## Records for the task

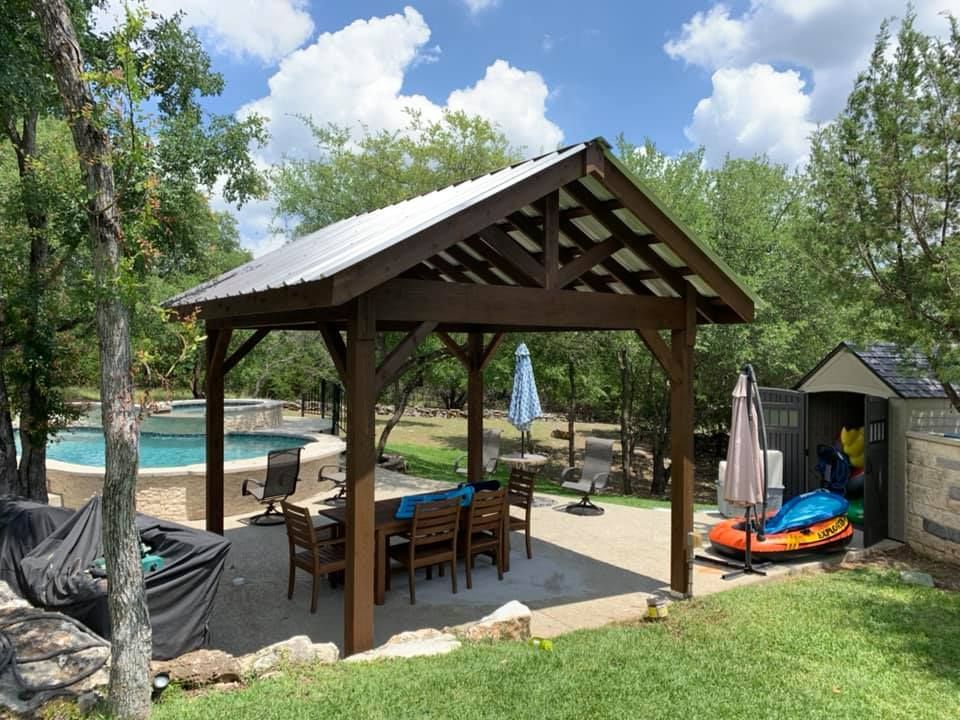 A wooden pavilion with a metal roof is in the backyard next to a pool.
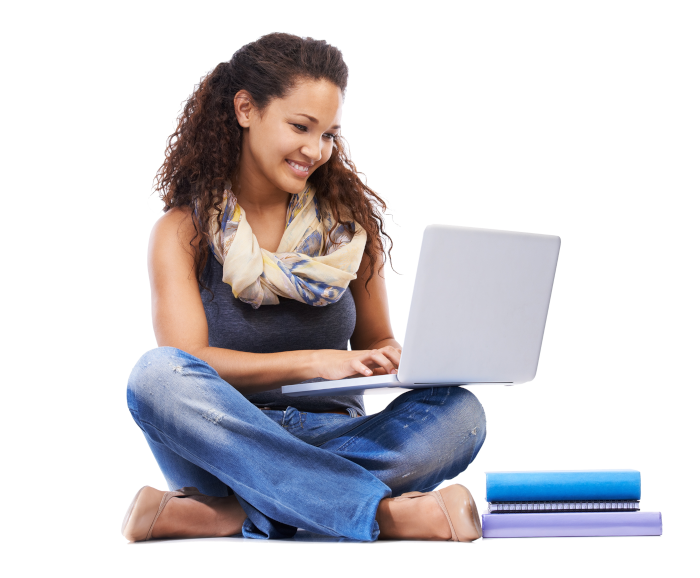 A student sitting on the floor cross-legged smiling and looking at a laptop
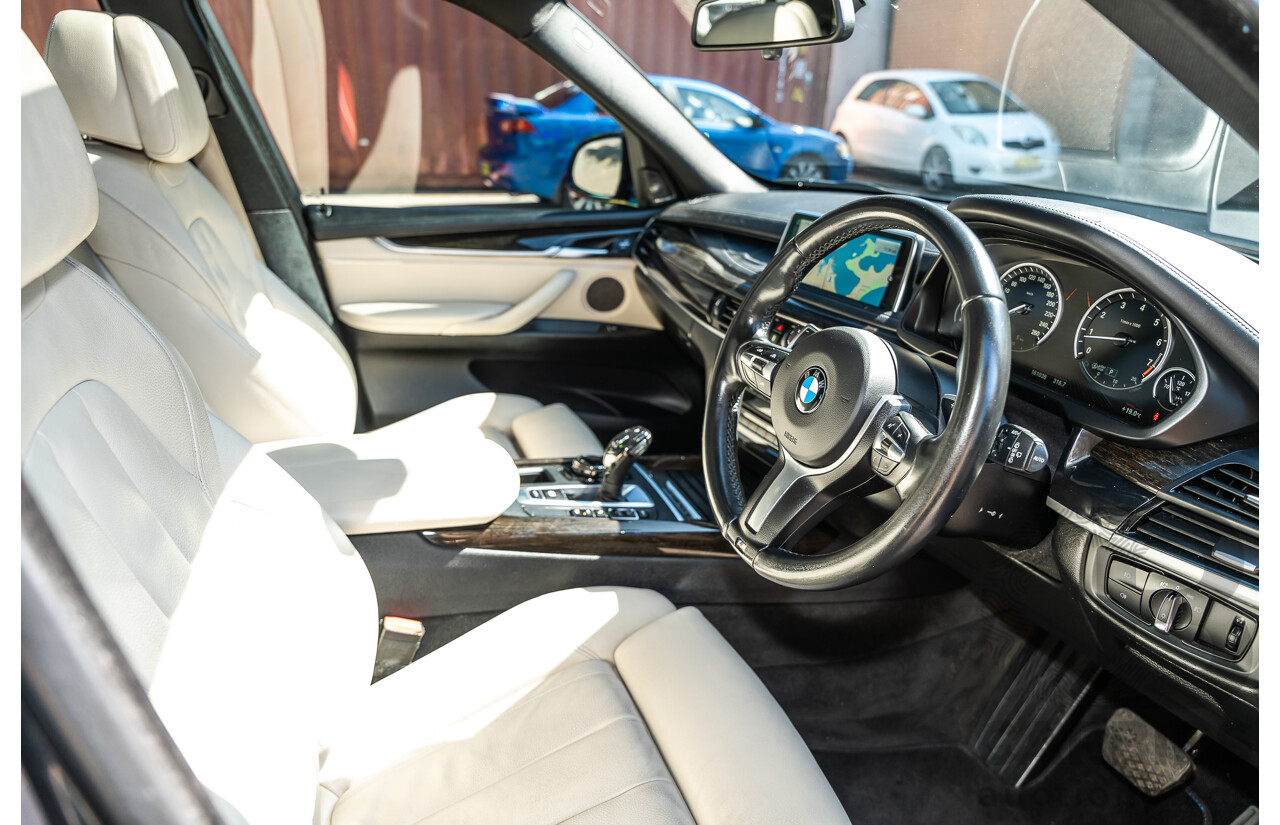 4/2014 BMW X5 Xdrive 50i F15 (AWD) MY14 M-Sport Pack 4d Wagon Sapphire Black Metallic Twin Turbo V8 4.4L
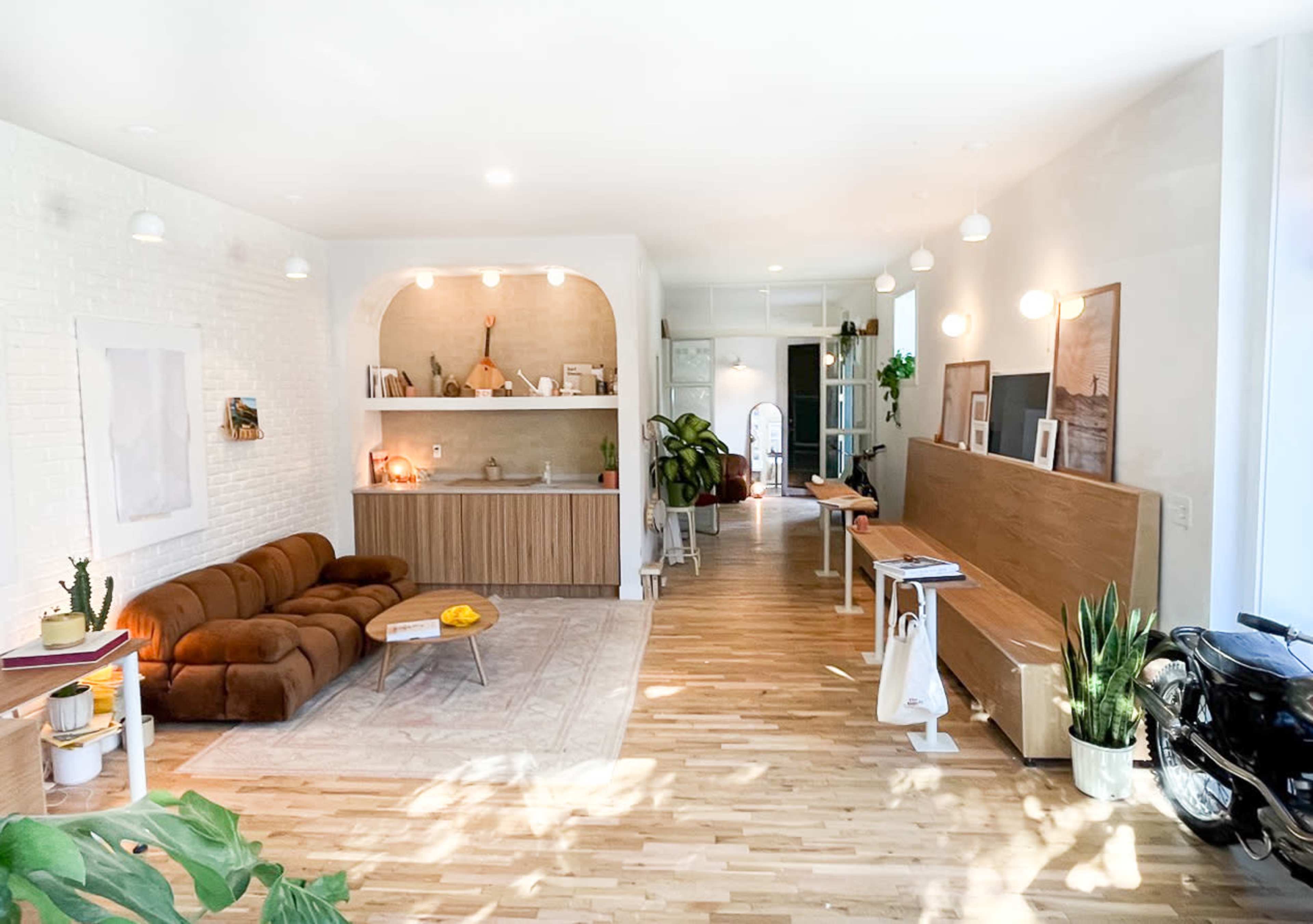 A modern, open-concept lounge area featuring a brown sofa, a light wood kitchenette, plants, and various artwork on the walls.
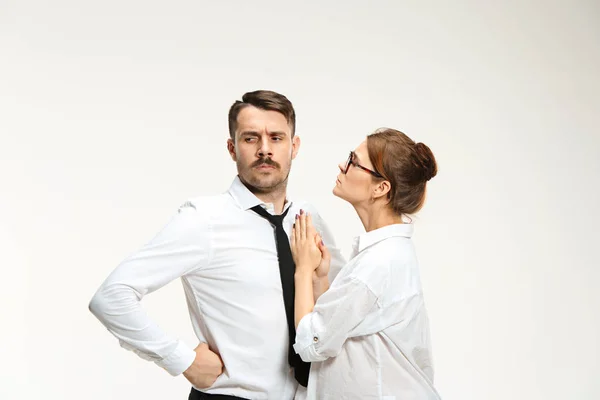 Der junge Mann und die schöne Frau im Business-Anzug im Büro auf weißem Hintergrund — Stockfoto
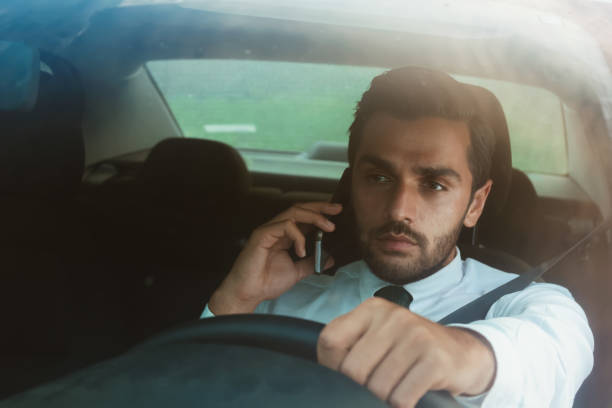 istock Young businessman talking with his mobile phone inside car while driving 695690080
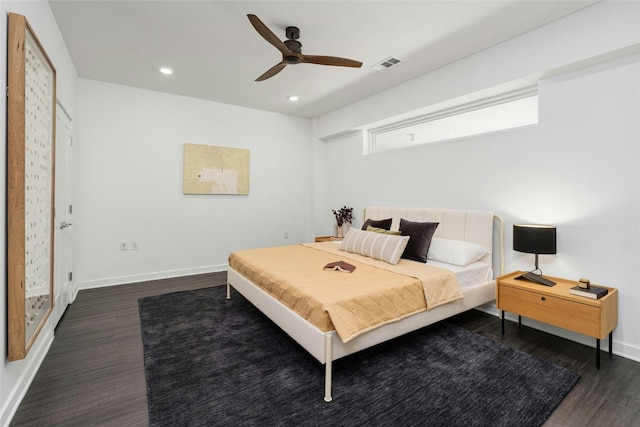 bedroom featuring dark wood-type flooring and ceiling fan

## Task statement
With the pictures omitted, copy exactly the lines from the line that contains "Der junge Mann" through the end of the material.

## Answer area
 Der junge Mann und die schöne Frau im Business-Anzug im Büro auf weißem Hintergrund — Stockfoto
 istock Young businessman talking with his mobile phone inside car while driving 695690080
 bedroom featuring dark wood-type flooring and ceiling fan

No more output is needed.